Is this futile? I might have to go about my plagiarism detection program by another means. Looking for highly correlative sentences between texts cannot possibly work unless there's a good way of finding sentences.
 

Answers and Replies

  • #2
phinds
Science Advisor
Insights Author
Gold Member
2019 Award
16,223
6,293
Why do you need to worry about full sentences? Surely there are other approaches. For example, break text up into strings that each end, say, 5 characters in FRONT of a period, discard the next 10 characters and then start the next string. Surely something even that simple would catch most high correlations.
 
  • #3
986
9
Why do you need to worry about full sentences?
Because people think in terms of sentences. That's how we separate our thoughts. By the way, my program catches if a plagiarist tried to combine or split sentences in an effort to distance his writing from the copied text.

Surely there are other approaches. For example, break text up into strings that each end, say, 5 characters in FRONT of a period, discard the next 10 characters and then start the next string. Surely something even that simple would catch most high correlations.
Hmmm ... Not a bad idea.
 
  • #4
AlephZero
Science Advisor
Homework Helper
6,994
291
If plagiarists are going to combine or break up "sentences" to hide their activity, looking for "sentences" is the wrong strategy anyway.

Why not just look for matching character strings. e.g. fairly short strings that occur rarely in the allegedly plagiarized text?

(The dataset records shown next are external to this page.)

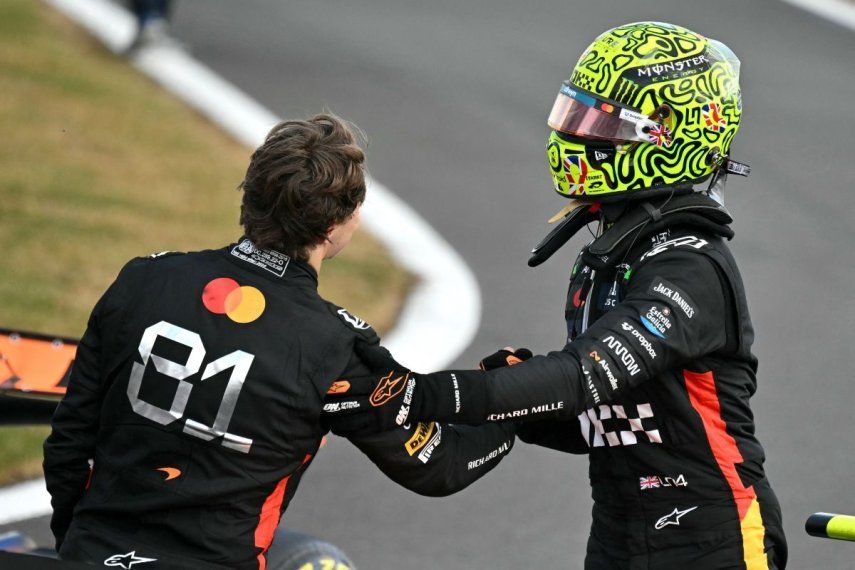 El piloto británico de McLaren, Lando Norris, estrecha la mano del piloto australiano de McLaren, Oscar Piastri (L), después de ganar el Gran Premio de Gran Bretaña de Fórmula 1 en el circuito de automovilismo de Silverstone en Silverstone, en el centro de Inglaterra, el 6 de julio de 2025.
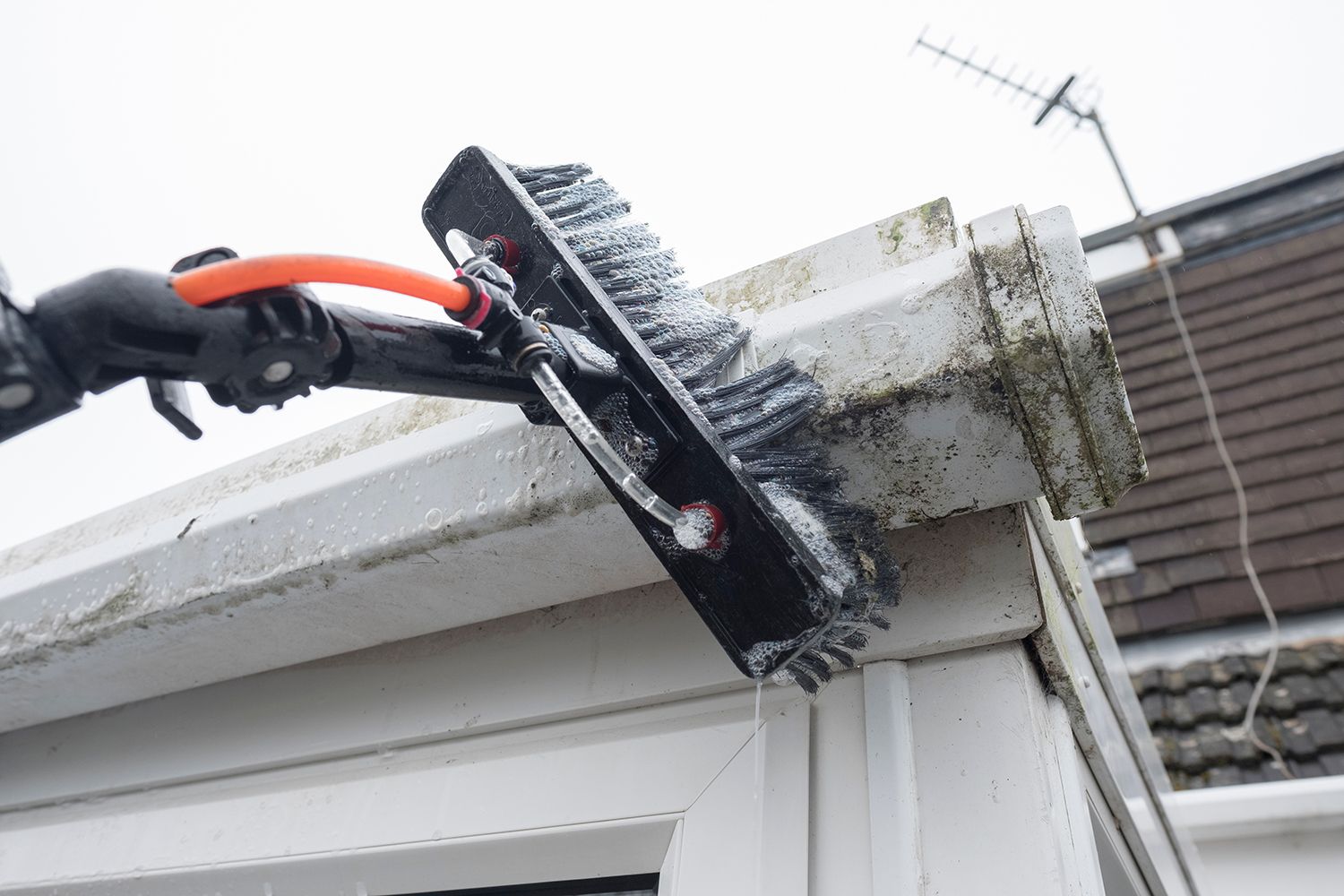 Person cleaning a white window frame with a brush on a house exterior Person cleaning a white window frame with a brush on a house exterior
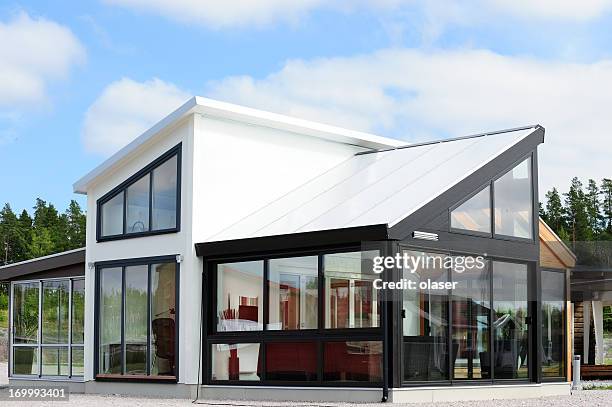 modern scandinavian style villa - glass building exterior stock pictures, royalty-free photos & images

I once wrote some software to do "industrial archeology" on different versions of computer software that worked like that. Hunting down matching occurrences of strings like "i = 0" was a waste of time, but there were plenty of unique text strings to match up, without "knowing" anything about the programming language syntax or what the code was supposed to be doing. I don't think I used any knowledge about the language syntax except to ignore all white space, regardless of whether or not it was significant.
 
  • #5
986
9
If plagiarists are going to combine or break up "sentences" to hide their activity, looking for "sentences" is the wrong strategy anyway.
I'm looking at the percentage of words shared in common between pairs of sentences. The percentage is calculated on the size of the smaller sentence (so there will be a 100% match if one sentence is contained in another). If S and T are the sets of words in two sentences, then I'm looking at

(number of elements in smaller{S,T} that are contained in larger{S,T}) / sizeof(smaller{S,T})
 
  • #6
jim mcnamara
Mentor
3,949
2,351
Detecting plagiarism usually starts with breaking text into words, doing word counts, and looking for phrases that have the same Levenshtein distances.

On the next level try a cluster-based approach:
http://www.uni-weimar.de/medien/webis/research/events/pan-10/pan10-papers-final/pan10-plagiarism-detection/zou10-a-cluster-based-plagiarism-detection-method.pdf [Broken]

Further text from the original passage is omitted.